Problem to work on: Output every line below without omitting or altering anything.

──────── Data to examine

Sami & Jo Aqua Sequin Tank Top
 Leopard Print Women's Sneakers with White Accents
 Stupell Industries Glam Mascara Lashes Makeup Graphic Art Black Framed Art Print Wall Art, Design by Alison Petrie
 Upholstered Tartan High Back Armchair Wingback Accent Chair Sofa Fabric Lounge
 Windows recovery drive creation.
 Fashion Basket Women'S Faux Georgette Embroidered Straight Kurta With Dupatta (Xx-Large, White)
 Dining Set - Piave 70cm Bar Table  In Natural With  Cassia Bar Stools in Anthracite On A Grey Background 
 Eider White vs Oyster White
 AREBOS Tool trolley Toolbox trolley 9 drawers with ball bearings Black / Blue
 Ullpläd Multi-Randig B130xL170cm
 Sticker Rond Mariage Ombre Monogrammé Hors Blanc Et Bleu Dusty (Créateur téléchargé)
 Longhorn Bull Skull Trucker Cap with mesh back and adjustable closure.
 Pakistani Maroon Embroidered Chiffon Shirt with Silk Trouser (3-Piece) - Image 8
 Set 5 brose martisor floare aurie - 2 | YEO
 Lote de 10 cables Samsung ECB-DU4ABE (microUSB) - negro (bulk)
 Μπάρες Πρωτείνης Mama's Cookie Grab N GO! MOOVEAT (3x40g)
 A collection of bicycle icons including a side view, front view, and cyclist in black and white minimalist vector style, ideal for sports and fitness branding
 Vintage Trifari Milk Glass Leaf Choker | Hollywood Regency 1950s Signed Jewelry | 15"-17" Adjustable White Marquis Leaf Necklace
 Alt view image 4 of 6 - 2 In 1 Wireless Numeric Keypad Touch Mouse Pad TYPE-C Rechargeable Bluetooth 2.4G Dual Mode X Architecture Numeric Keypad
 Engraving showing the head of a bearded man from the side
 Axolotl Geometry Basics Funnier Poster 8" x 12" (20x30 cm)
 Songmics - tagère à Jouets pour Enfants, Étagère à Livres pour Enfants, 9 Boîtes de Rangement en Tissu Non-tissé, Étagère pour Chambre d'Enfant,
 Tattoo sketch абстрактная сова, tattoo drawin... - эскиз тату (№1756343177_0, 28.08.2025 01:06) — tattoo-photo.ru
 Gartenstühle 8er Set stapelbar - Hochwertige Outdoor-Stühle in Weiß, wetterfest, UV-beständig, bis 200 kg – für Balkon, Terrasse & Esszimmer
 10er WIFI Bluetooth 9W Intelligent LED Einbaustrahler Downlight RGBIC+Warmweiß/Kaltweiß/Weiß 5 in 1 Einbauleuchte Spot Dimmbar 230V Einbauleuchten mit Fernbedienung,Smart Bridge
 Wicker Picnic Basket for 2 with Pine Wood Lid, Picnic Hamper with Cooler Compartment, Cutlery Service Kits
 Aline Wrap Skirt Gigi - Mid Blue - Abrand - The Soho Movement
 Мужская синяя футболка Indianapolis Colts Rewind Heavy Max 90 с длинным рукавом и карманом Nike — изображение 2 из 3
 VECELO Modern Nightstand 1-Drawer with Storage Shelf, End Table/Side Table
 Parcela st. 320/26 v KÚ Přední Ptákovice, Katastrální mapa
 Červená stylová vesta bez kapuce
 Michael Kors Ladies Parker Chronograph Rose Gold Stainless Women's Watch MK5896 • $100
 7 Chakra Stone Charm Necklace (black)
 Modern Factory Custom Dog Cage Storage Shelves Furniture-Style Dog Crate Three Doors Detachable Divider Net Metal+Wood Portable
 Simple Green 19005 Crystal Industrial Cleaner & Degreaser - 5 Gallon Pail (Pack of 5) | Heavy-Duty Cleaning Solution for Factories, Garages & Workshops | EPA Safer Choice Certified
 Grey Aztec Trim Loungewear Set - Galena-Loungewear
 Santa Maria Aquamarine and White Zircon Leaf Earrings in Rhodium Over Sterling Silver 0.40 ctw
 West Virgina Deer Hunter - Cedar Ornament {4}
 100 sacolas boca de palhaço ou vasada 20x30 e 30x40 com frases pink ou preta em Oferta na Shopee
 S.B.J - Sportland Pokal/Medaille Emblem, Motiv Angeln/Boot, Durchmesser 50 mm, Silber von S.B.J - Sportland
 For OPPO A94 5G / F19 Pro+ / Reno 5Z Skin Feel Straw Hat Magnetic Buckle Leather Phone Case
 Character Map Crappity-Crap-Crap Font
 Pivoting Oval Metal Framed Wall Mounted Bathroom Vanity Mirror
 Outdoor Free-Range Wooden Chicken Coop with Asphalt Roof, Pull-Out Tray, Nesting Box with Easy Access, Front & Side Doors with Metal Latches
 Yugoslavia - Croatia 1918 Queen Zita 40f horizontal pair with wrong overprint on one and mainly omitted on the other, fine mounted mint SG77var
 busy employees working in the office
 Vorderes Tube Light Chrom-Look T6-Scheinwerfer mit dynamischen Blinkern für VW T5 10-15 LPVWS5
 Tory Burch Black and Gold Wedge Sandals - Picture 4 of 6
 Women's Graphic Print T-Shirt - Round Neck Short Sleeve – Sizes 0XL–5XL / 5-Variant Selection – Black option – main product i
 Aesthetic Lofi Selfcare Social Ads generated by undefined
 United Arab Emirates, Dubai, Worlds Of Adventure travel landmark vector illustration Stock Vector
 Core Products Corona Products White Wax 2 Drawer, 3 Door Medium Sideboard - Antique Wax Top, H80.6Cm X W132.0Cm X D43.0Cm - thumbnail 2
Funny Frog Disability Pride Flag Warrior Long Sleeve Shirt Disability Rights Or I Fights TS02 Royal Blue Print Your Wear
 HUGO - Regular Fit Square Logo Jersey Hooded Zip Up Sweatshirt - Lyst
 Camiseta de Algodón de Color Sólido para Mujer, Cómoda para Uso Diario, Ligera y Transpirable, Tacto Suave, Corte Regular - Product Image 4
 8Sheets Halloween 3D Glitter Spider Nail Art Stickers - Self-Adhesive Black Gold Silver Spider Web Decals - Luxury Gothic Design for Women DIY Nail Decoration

────────────────

The answer:
Sami & Jo Aqua Sequin Tank Top
 Leopard Print Women's Sneakers with White Accents
 Stupell Industries Glam Mascara Lashes Makeup Graphic Art Black Framed Art Print Wall Art, Design by Alison Petrie
 Upholstered Tartan High Back Armchair Wingback Accent Chair Sofa Fabric Lounge
 Windows recovery drive creation.
 Fashion Basket Women'S Faux Georgette Embroidered Straight Kurta With Dupatta (Xx-Large, White)
 Dining Set - Piave 70cm Bar Table  In Natural With  Cassia Bar Stools in Anthracite On A Grey Background 
 Eider White vs Oyster White
 AREBOS Tool trolley Toolbox trolley 9 drawers with ball bearings Black / Blue
 Ullpläd Multi-Randig B130xL170cm
 Sticker Rond Mariage Ombre Monogrammé Hors Blanc Et Bleu Dusty (Créateur téléchargé)
 Longhorn Bull Skull Trucker Cap with mesh back and adjustable closure.
 Pakistani Maroon Embroidered Chiffon Shirt with Silk Trouser (3-Piece) - Image 8
 Set 5 brose martisor floare aurie - 2 | YEO
 Lote de 10 cables Samsung ECB-DU4ABE (microUSB) - negro (bulk)
 Μπάρες Πρωτείνης Mama's Cookie Grab N GO! MOOVEAT (3x40g)
 A collection of bicycle icons including a side view, front view, and cyclist in black and white minimalist vector style, ideal for sports and fitness branding
 Vintage Trifari Milk Glass Leaf Choker | Hollywood Regency 1950s Signed Jewelry | 15"-17" Adjustable White Marquis Leaf Necklace
 Alt view image 4 of 6 - 2 In 1 Wireless Numeric Keypad Touch Mouse Pad TYPE-C Rechargeable Bluetooth 2.4G Dual Mode X Architecture Numeric Keypad
 Engraving showing the head of a bearded man from the side
 Axolotl Geometry Basics Funnier Poster 8" x 12" (20x30 cm)
 Songmics - tagère à Jouets pour Enfants, Étagère à Livres pour Enfants, 9 Boîtes de Rangement en Tissu Non-tissé, Étagère pour Chambre d'Enfant,
 Tattoo sketch абстрактная сова, tattoo drawin... - эскиз тату (№1756343177_0, 28.08.2025 01:06) — tattoo-photo.ru
 Gartenstühle 8er Set stapelbar - Hochwertige Outdoor-Stühle in Weiß, wetterfest, UV-beständig, bis 200 kg – für Balkon, Terrasse & Esszimmer
 10er WIFI Bluetooth 9W Intelligent LED Einbaustrahler Downlight RGBIC+Warmweiß/Kaltweiß/Weiß 5 in 1 Einbauleuchte Spot Dimmbar 230V Einbauleuchten mit Fernbedienung,Smart Bridge
 Wicker Picnic Basket for 2 with Pine Wood Lid, Picnic Hamper with Cooler Compartment, Cutlery Service Kits
 Aline Wrap Skirt Gigi - Mid Blue - Abrand - The Soho Movement
 Мужская синяя футболка Indianapolis Colts Rewind Heavy Max 90 с длинным рукавом и карманом Nike — изображение 2 из 3
 VECELO Modern Nightstand 1-Drawer with Storage Shelf, End Table/Side Table
 Parcela st. 320/26 v KÚ Přední Ptákovice, Katastrální mapa
 Červená stylová vesta bez kapuce
 Michael Kors Ladies Parker Chronograph Rose Gold Stainless Women's Watch MK5896 • $100
 7 Chakra Stone Charm Necklace (black)
 Modern Factory Custom Dog Cage Storage Shelves Furniture-Style Dog Crate Three Doors Detachable Divider Net Metal+Wood Portable
 Simple Green 19005 Crystal Industrial Cleaner & Degreaser - 5 Gallon Pail (Pack of 5) | Heavy-Duty Cleaning Solution for Factories, Garages & Workshops | EPA Safer Choice Certified
 Grey Aztec Trim Loungewear Set - Galena-Loungewear
 Santa Maria Aquamarine and White Zircon Leaf Earrings in Rhodium Over Sterling Silver 0.40 ctw
 West Virgina Deer Hunter - Cedar Ornament {4}
 100 sacolas boca de palhaço ou vasada 20x30 e 30x40 com frases pink ou preta em Oferta na Shopee
 S.B.J - Sportland Pokal/Medaille Emblem, Motiv Angeln/Boot, Durchmesser 50 mm, Silber von S.B.J - Sportland
 For OPPO A94 5G / F19 Pro+ / Reno 5Z Skin Feel Straw Hat Magnetic Buckle Leather Phone Case
 Character Map Crappity-Crap-Crap Font
 Pivoting Oval Metal Framed Wall Mounted Bathroom Vanity Mirror
 Outdoor Free-Range Wooden Chicken Coop with Asphalt Roof, Pull-Out Tray, Nesting Box with Easy Access, Front & Side Doors with Metal Latches
 Yugoslavia - Croatia 1918 Queen Zita 40f horizontal pair with wrong overprint on one and mainly omitted on the other, fine mounted mint SG77var
 busy employees working in the office
 Vorderes Tube Light Chrom-Look T6-Scheinwerfer mit dynamischen Blinkern für VW T5 10-15 LPVWS5
 Tory Burch Black and Gold Wedge Sandals - Picture 4 of 6
 Women's Graphic Print T-Shirt - Round Neck Short Sleeve – Sizes 0XL–5XL / 5-Variant Selection – Black option – main product i
 Aesthetic Lofi Selfcare Social Ads generated by undefined
 United Arab Emirates, Dubai, Worlds Of Adventure travel landmark vector illustration Stock Vector
 Core Products Corona Products White Wax 2 Drawer, 3 Door Medium Sideboard - Antique Wax Top, H80.6Cm X W132.0Cm X D43.0Cm - thumbnail 2
Funny Frog Disability Pride Flag Warrior Long Sleeve Shirt Disability Rights Or I Fights TS02 Royal Blue Print Your Wear
 HUGO - Regular Fit Square Logo Jersey Hooded Zip Up Sweatshirt - Lyst
 Camiseta de Algodón de Color Sólido para Mujer, Cómoda para Uso Diario, Ligera y Transpirable, Tacto Suave, Corte Regular - Product Image 4
 8Sheets Halloween 3D Glitter Spider Nail Art Stickers - Self-Adhesive Black Gold Silver Spider Web Decals - Luxury Gothic Design for Women DIY Nail Decoration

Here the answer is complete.